Getting to the bottom: A model-based approach for root cause investigations in protein chromatography
Chromatographic protein purification is subject to various effects which may lead to disturbances in the process. Column aging or process variations can, for example, lead to deviations in the eluate composition and hence to inconsistencies in pool purities and yield. Before carrying these disturbances over into the next batch, their source should be identified and – ideally – eliminated.
Troubleshooting during processing leads to time loss and costs. Causes of deviations are hard to identify visually and manual troubleshooting approaches are both time-consuming and expensive. Especially when considering on continuous processing, automated monitoring and control strategies are therefore attracting more and more interest. In this context, mechanistic models are promising, but have not yet been applied for a process analysis of biopharmaceutical protein purification.

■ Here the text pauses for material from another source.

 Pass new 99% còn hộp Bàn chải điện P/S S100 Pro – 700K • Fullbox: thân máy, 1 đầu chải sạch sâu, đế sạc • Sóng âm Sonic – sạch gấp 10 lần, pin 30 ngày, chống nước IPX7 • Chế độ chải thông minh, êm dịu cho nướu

Combination of spectral deconvolution with inverse mechanistic modeling. In the present case study, novel Process Analytical Technology (PAT) for accelerated and automated troubleshooting has been considered. In a first step, a calibration of Partial Least Square (PLS) Regression was performed. By means of this PLS model, selective protein concentration could be calculated from the mid-UV absorption spectra. After importing them into ChromX, the model parameters for all the species were determined by curve fitting.

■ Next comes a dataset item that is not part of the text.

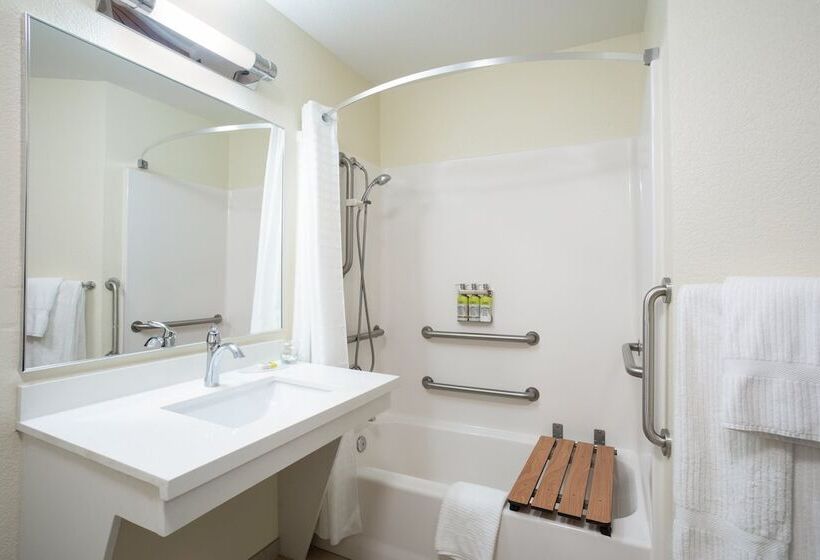 جناح, Candlewood Suites Cheyenne, An Ihg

Fast and automated troubleshooting for deviating chromatograms. Once the model was calibrated, it could serve for trouble shooting further observed chromatograms. In case of deviations in the chromatogram , the critical process parameters were automatically altered in ChromX until the modeled chromatogram fitted the observed one. By means of the outline approach, a valuable modeling tool for root cause investigation was established. Following the procedure, typical disruptive sources, such as the aging of columns or process variations, can be identified rapidly from a simple examination of the chromatogram.